Starting from the line that holds "Off white georgette", output exactly each line through the end of the listing. Do not copy pictures.
──────── INFORMATION SUPPLIED
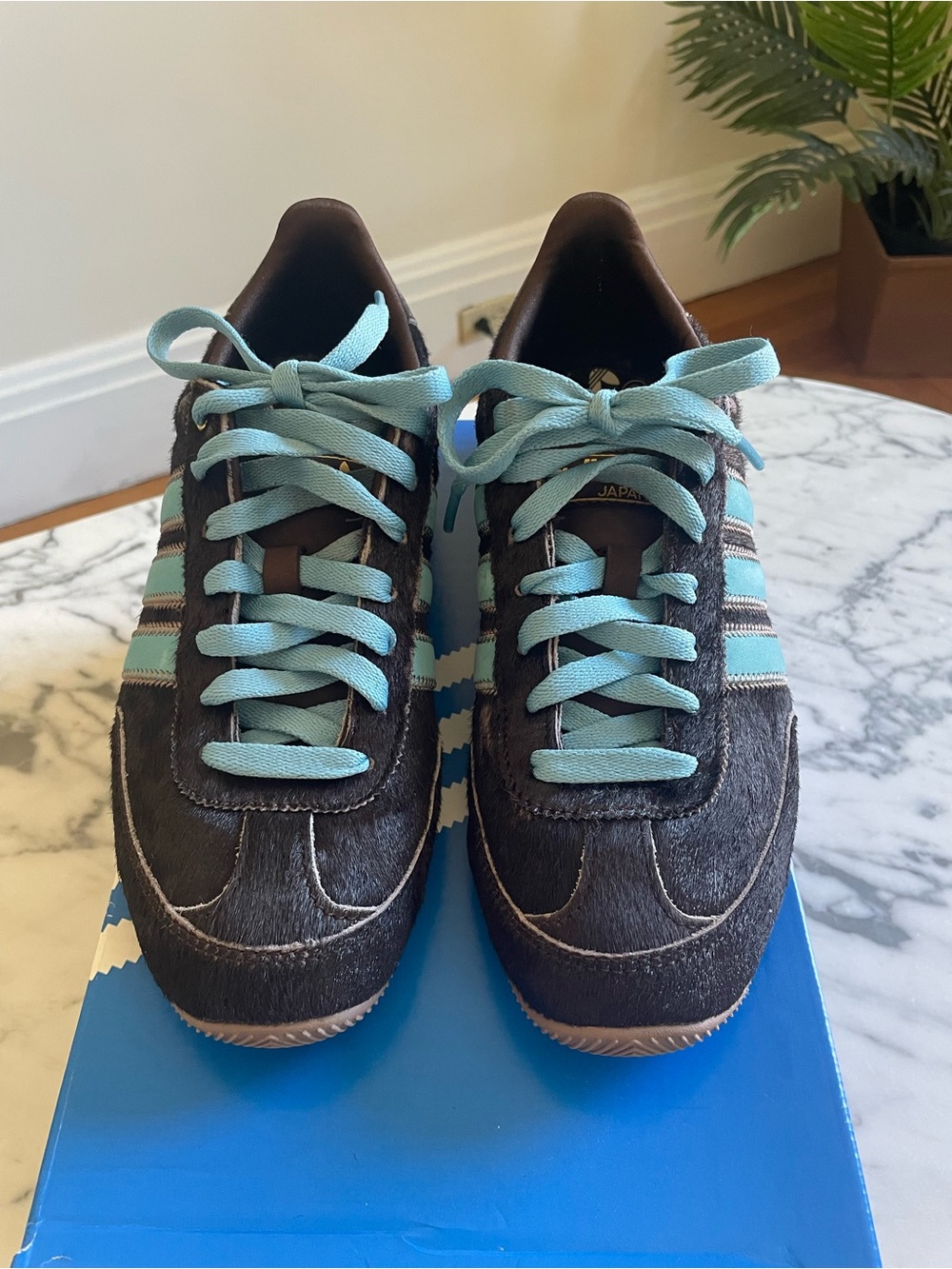 adidas Originals Women’s Brown Sneakers with Light Blue Stripes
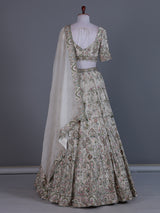 Off white georgette embroidered lehenga choli with dupatta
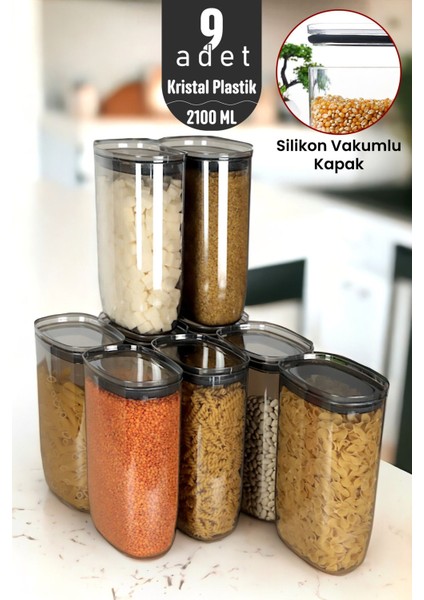 Jumbo Boy 2100 ml Gerçek Vakumlu Silikon Kapaklı Kristal Erzak Bakliyat Saklama Kabı Seti Baharatlık 9 Adet Antrasit
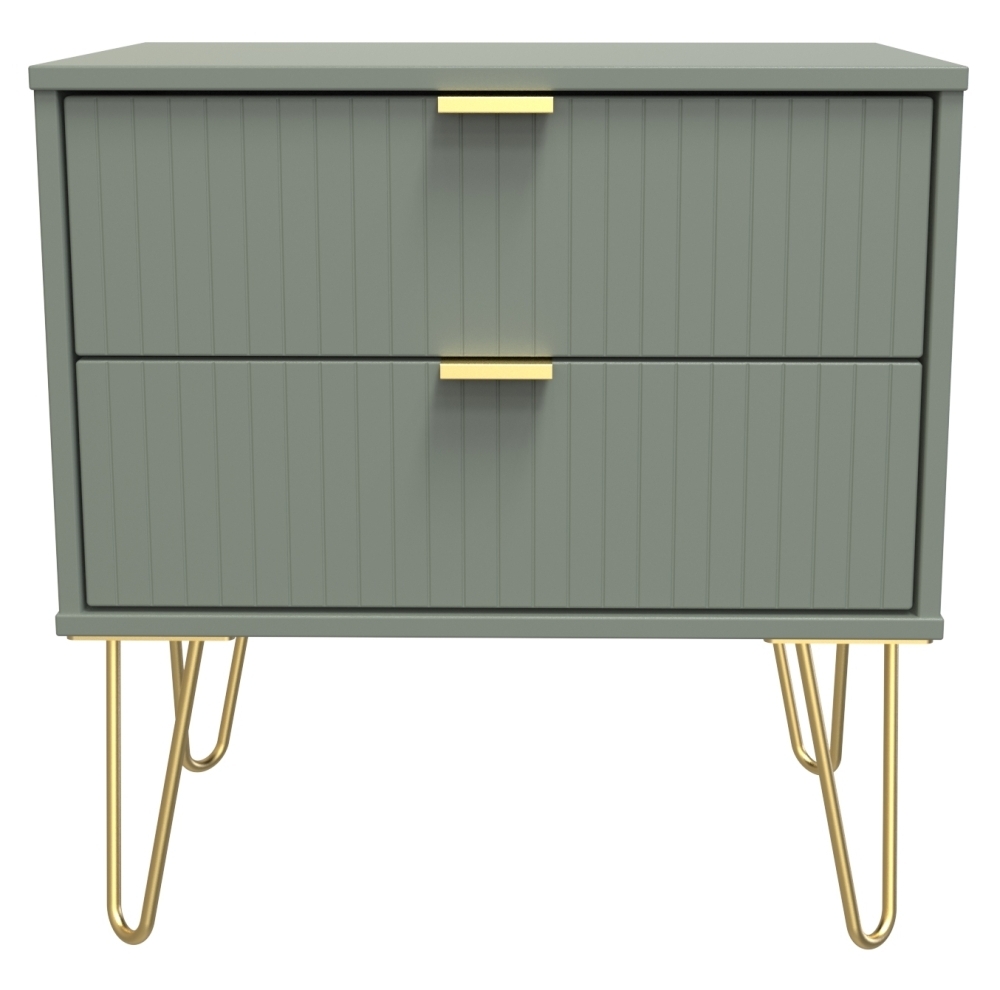 Linear Reed Green 2 Drawer Midi Chest With Hairpin Legs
────────────────
RESPONSE TO THIS EXERCISE
 Off white georgette embroidered lehenga choli with dupatta
 Jumbo Boy 2100 ml Gerçek Vakumlu Silikon Kapaklı Kristal Erzak Bakliyat Saklama Kabı Seti Baharatlık 9 Adet Antrasit
 Linear Reed Green 2 Drawer Midi Chest With Hairpin Legs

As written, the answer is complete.